Mitsumori K, Saito H, Motomiya M, Yada K
No Shinkei Geka. 1975 Jul;3(7):585-91.
The two approaches are well-known in the surgical treatment of atlanto-axial dislocation, the one is the anterior and the other is the posterior approach. The indication of these methods is still controversial. This report concerns with one case of atlanto-axial dislocation with the separate odontoid and bilateral obstruction of both vertebral arteries, which was successfully treated by transoral decompression and fusion between the bodies of the atlas and axis.
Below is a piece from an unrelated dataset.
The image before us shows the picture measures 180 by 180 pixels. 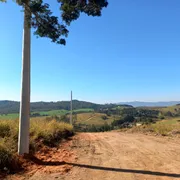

The reasons why we chose this method were: (1) the spinal cord decompression was necessary because of the presence of compression of the cord by the separate odontoid process, (2) the spinal fusion had to be performed to stabilize the atlanto-axial articulation, (3) it was necessary to avoid the damage of collateral circulations to the brainstem through the deep cervical arteries demonstrated by bilat vertebral angiography. The posterior approach is highly susceptible to injure these collateral circulations.
这两种方法在寰枢椎脱位的外科治疗中广为人知,一种是前路手术,另一种是后路手术。这些方法的适应症仍存在争议。本报告涉及1例齿突分离且双侧椎动脉梗阻的寰枢椎脱位病例,该病例通过经口减压及寰椎与枢椎体间融合术成功治愈。我们选择该方法的原因如下:(1)由于分离的齿突对脊髓造成压迫,故需进行脊髓减压;(2)必须进行脊柱融合以稳定寰枢关节;(3)双侧椎动脉造影显示,有必要避免通过颈深动脉对脑干侧支循环造成损伤。后路手术极易损伤这些侧支循环。